Observing with Street Lights

Observing with Street Lights
Dark sky sites not always necessary to see the Milky Way (This image was taken ouside of a B&B in Julian, CA)

Saturday, March 31, 2018

Hooray, finally got an image of Mercury after the clouds disappeared; First attempt at astrophotography with IPhone Telephoto Attachment; Fun in Lisboa and Sunrise on the Douro River

Greetings from Palmia Observatory

Well, here we, Resident Astronomer Peggy and I, in Lisbon, for vacation and some remote location observing with the little, teeny, weeny telephoto lens accessory that just clamps on to the IPhone.  But before getting into how that new accessory works, or in this case, didn’t work, let’s report on the successful detection of Mercury, just after sundown.
As discussed in the March 23 post, we have been waiting for the clouds to disappear so that we could get our first image of Mercury, just after sunset and just before Mercury drops below the horizon.  Well, it finally happend as you can see in the DSLR 150mm image below. I used bright Venus as the aim at star.   Venus was bright and easily seen with the naked eye and even though Mercury, at magnitude 2.0, was not naked eye visible, due to the still bright sky just after sunset, was visible in the 4 second camera image shown below. This image was taken just before 8:00 PM and the sun had just barely dipped below the horizon.  At this time, Mercury was just barely 3-4 degrees abocpve the horizon.

DSLR of bright Venus and dim Mercury, below and to the right, 150mm, q4 second exposure at about 8:00 PM
Finally captured Mercury, below and to the right of Venus,  just after sunset with 150mm (Source: Palmia Observatory)

Ok, on that good news, we flew from LAX to Lisbon and did not take any astrophotography equipment other than the standard IPhone and the 20x telephoto lens accessory (see the March 23 post)  that just clamps onto the IPhone.  So my first attempt, just resting the teeny, weeny tripod and telephoto lens on the hotel room window ledge, is shown below.  I could see that Jupiter was up and I wondered if I could see any of the moons using the teeny weeny telephoto lens?  Well, I should have known better, but whenever I pushed the camera shutter button, the tripod/IPhone assembly just sort of vibrated around and all I got of Jupiter is the following image.  Ummm, it is not so good!  I need a remote camera shutter release or something.

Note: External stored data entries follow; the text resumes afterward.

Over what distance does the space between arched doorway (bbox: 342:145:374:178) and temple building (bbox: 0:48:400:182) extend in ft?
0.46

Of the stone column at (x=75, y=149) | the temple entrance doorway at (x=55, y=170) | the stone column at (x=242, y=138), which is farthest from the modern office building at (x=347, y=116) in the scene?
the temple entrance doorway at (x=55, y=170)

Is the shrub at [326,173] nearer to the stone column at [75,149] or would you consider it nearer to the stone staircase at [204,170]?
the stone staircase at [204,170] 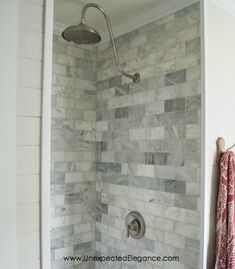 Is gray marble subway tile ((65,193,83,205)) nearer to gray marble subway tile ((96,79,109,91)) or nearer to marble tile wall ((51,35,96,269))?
marble tile wall ((51,35,96,269))

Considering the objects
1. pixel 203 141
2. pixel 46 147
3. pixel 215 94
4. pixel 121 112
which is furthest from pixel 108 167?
pixel 46 147

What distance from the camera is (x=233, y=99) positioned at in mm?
1622

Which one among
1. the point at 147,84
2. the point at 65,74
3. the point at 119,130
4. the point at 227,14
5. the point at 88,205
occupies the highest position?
the point at 227,14

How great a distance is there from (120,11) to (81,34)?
0.41 metres

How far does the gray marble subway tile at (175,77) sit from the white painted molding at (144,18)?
0.37 metres

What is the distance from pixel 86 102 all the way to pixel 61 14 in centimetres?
65

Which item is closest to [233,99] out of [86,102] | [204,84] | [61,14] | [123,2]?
[204,84]

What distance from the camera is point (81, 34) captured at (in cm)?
150

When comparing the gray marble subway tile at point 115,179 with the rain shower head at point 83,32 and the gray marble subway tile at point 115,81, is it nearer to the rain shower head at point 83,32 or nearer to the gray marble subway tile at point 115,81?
the gray marble subway tile at point 115,81

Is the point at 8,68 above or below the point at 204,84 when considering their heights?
below

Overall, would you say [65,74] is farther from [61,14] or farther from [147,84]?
[147,84]

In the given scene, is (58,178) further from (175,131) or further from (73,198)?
(175,131)

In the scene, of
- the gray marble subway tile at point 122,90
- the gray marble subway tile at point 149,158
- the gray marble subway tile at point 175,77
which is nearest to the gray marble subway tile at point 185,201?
the gray marble subway tile at point 149,158

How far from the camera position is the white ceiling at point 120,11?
1.63 metres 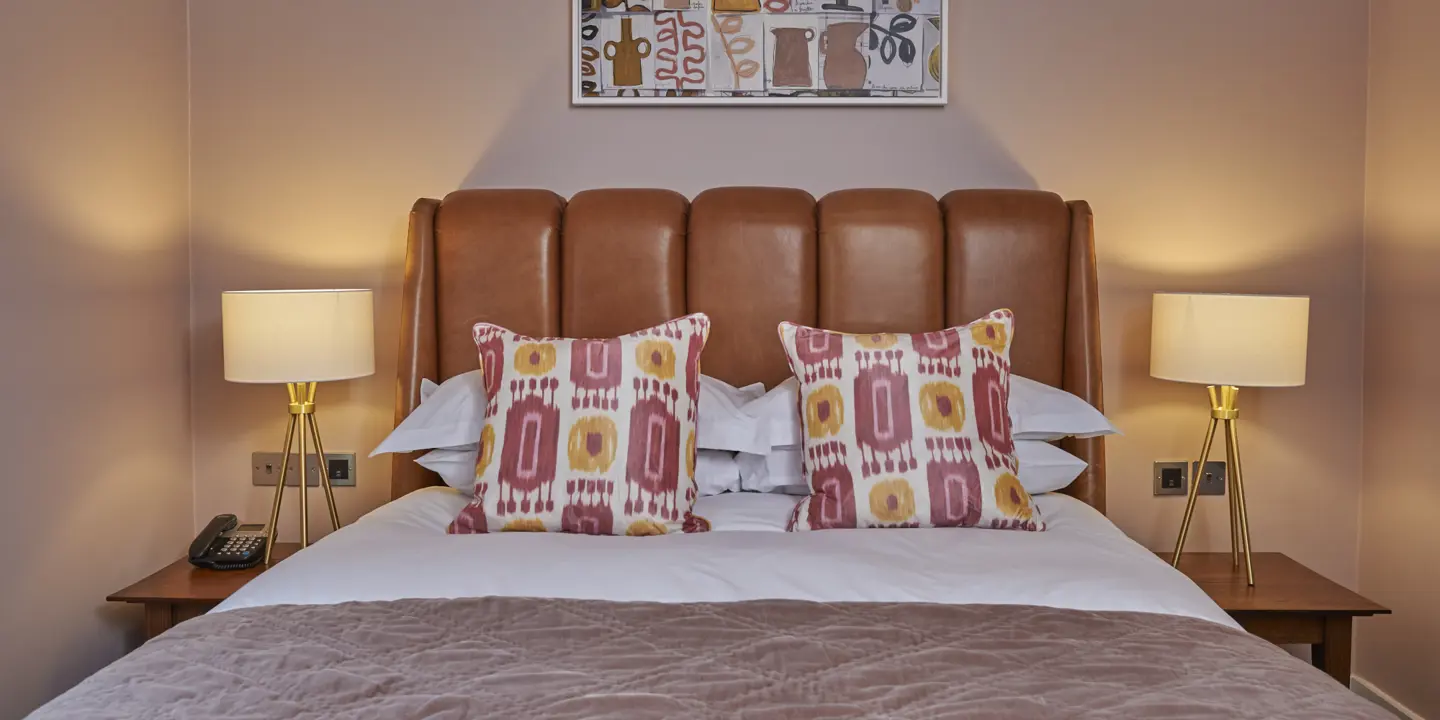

using IPhone with telephoto attachment shows Jupiter without remote shutter
First attempt at capturing Jupiter with IPhone telephoto accessory (Source: Palmia Observatory)

Next up, I wondered how the moon would show up in the telephoto lens?  Ok, so I adjusted the telephoto to point at the moon, still looking outside of our Lisbon hotel room.  Now, on this case, the camera movement due t my pressing the IPhone shutter trigger is evident in the image, but it is also apparent that the image is seriously overexposed.

Hmmm, what to do about these issues.  Oh-oh, duh, I forgot about a feature that the IPhone has, which is the shutter release delay function.  This function delays the activation of the shutter, so, for
Moon with IPhone telephoto attachment without exposure control
First attempt to capture bright moon with IPhone telephoto accessory (Source: Palmia Observatory)
 example the photographer can also move into the camera frame before the shutter is snapped.  Darn!  If I had remembered about this function, I could have removed some of the camera jitter.  Oh well,this is a good lesson learned for the next time I try to use this teeny ween telephoto and tripod! The second problem is to get some advanced camera control app that allows for faster shutter response to bright objects like the moon.

Ok, that will have to come later.  In the meantime, we are having fun enjoying all the sights in Lisboa.  For instance, we met up with other Orange County Astronomers, Science Nerds and Theatre Impresarios, Scott and Sandy, and along with Resident Astronomer Peggy, we took in some culture by attending a free Fado concert at rhe Museum of Fado.  Yes, amateur astronomers and physicist wannabe enjoy some cultural events too, especially if they serve wine, which they did!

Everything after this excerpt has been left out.